=== Source data ===

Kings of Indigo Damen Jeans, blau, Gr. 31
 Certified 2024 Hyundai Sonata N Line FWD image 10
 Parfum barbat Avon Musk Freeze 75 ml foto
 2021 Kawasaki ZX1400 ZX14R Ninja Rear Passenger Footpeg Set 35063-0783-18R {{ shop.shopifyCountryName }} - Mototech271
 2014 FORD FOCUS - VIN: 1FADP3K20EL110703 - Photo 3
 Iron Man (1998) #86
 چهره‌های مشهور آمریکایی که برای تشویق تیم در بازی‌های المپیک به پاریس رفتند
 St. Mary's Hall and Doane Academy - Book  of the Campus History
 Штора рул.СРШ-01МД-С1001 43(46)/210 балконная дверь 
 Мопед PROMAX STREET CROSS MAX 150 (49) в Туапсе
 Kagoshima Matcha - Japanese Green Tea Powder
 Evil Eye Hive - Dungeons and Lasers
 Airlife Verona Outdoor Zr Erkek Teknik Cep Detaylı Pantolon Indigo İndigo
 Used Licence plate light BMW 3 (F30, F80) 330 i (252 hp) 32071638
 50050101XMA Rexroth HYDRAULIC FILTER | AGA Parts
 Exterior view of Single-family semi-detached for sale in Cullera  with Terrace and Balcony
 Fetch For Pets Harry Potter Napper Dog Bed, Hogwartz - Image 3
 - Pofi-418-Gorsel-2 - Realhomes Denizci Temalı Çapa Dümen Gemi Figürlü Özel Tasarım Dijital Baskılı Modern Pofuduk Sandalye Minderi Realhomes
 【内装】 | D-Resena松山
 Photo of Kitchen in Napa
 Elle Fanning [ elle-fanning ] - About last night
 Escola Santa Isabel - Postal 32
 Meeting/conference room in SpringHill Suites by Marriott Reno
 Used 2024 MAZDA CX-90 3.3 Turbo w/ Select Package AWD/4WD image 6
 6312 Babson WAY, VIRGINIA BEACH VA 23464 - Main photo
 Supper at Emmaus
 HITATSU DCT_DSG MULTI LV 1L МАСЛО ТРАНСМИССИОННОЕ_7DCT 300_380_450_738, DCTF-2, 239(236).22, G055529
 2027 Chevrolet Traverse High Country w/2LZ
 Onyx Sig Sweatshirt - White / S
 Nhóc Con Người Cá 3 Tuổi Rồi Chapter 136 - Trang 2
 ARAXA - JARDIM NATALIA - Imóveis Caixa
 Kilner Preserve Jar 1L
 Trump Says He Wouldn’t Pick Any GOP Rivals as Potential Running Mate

===

**Exercise details:** When a line in the data above contains the string "Indigo", copy that line.

**Reply:**
Kings of Indigo Damen Jeans, blau, Gr. 31
 Airlife Verona Outdoor Zr Erkek Teknik Cep Detaylı Pantolon Indigo İndigo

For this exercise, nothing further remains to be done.